TASK OBJECTIVE: Identify the line that contains "الشيخ جمال بن" in the material. Output it and every line after it, unchanged, through the end.

*** MATERIAL FOR THIS TASK ***

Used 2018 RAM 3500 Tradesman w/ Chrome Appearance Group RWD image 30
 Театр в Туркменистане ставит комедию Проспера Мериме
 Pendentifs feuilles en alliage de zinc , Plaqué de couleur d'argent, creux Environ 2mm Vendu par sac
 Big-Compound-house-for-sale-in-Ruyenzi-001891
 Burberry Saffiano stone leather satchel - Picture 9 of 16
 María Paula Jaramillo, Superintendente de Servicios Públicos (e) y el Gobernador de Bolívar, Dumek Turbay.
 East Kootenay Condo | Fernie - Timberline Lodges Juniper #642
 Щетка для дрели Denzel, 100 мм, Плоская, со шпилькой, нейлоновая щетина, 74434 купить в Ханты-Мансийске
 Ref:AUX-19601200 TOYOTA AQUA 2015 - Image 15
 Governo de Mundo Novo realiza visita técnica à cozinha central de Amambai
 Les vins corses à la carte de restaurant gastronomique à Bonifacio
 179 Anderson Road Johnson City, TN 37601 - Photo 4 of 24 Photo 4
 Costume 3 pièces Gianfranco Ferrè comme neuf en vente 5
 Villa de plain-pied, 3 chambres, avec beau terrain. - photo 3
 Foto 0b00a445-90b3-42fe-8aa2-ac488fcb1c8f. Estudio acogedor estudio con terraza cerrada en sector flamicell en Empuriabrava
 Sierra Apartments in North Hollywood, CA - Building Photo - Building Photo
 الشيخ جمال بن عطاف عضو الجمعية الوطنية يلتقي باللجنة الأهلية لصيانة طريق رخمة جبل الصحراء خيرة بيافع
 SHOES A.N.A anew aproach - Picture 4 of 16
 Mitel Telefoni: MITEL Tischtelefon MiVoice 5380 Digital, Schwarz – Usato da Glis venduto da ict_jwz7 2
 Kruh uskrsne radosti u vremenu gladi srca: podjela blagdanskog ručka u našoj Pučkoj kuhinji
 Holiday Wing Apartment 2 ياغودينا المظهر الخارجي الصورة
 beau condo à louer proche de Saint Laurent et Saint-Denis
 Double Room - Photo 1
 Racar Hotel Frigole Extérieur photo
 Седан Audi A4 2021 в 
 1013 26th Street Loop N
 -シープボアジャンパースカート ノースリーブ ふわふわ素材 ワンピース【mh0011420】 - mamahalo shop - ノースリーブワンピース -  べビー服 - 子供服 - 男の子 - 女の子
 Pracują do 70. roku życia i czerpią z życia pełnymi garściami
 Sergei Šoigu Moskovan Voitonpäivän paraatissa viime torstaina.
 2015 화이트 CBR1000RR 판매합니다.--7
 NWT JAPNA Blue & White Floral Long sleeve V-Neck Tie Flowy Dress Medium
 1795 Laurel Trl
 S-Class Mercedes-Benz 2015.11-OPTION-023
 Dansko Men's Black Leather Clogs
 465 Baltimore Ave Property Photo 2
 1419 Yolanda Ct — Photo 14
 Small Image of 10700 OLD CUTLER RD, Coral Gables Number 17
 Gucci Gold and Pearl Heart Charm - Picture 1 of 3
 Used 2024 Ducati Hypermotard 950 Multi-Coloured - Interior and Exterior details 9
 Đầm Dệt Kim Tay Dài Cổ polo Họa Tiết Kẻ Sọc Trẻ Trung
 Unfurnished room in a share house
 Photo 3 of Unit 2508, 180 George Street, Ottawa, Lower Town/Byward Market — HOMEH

*** End of MATERIAL FOR THIS TASK ***

TASK ANSWER:
 الشيخ جمال بن عطاف عضو الجمعية الوطنية يلتقي باللجنة الأهلية لصيانة طريق رخمة جبل الصحراء خيرة بيافع
 SHOES A.N.A anew aproach - Picture 4 of 16
 Mitel Telefoni: MITEL Tischtelefon MiVoice 5380 Digital, Schwarz – Usato da Glis venduto da ict_jwz7 2
 Kruh uskrsne radosti u vremenu gladi srca: podjela blagdanskog ručka u našoj Pučkoj kuhinji
 Holiday Wing Apartment 2 ياغودينا المظهر الخارجي الصورة
 beau condo à louer proche de Saint Laurent et Saint-Denis
 Double Room - Photo 1
 Racar Hotel Frigole Extérieur photo
 Седан Audi A4 2021 в 
 1013 26th Street Loop N
 -シープボアジャンパースカート ノースリーブ ふわふわ素材 ワンピース【mh0011420】 - mamahalo shop - ノースリーブワンピース -  べビー服 - 子供服 - 男の子 - 女の子
 Pracują do 70. roku życia i czerpią z życia pełnymi garściami
 Sergei Šoigu Moskovan Voitonpäivän paraatissa viime torstaina.
 2015 화이트 CBR1000RR 판매합니다.--7
 NWT JAPNA Blue & White Floral Long sleeve V-Neck Tie Flowy Dress Medium
 1795 Laurel Trl
 S-Class Mercedes-Benz 2015.11-OPTION-023
 Dansko Men's Black Leather Clogs
 465 Baltimore Ave Property Photo 2
 1419 Yolanda Ct — Photo 14
 Small Image of 10700 OLD CUTLER RD, Coral Gables Number 17
 Gucci Gold and Pearl Heart Charm - Picture 1 of 3
 Used 2024 Ducati Hypermotard 950 Multi-Coloured - Interior and Exterior details 9
 Đầm Dệt Kim Tay Dài Cổ polo Họa Tiết Kẻ Sọc Trẻ Trung
 Unfurnished room in a share house
 Photo 3 of Unit 2508, 180 George Street, Ottawa, Lower Town/Byward Market — HOMEH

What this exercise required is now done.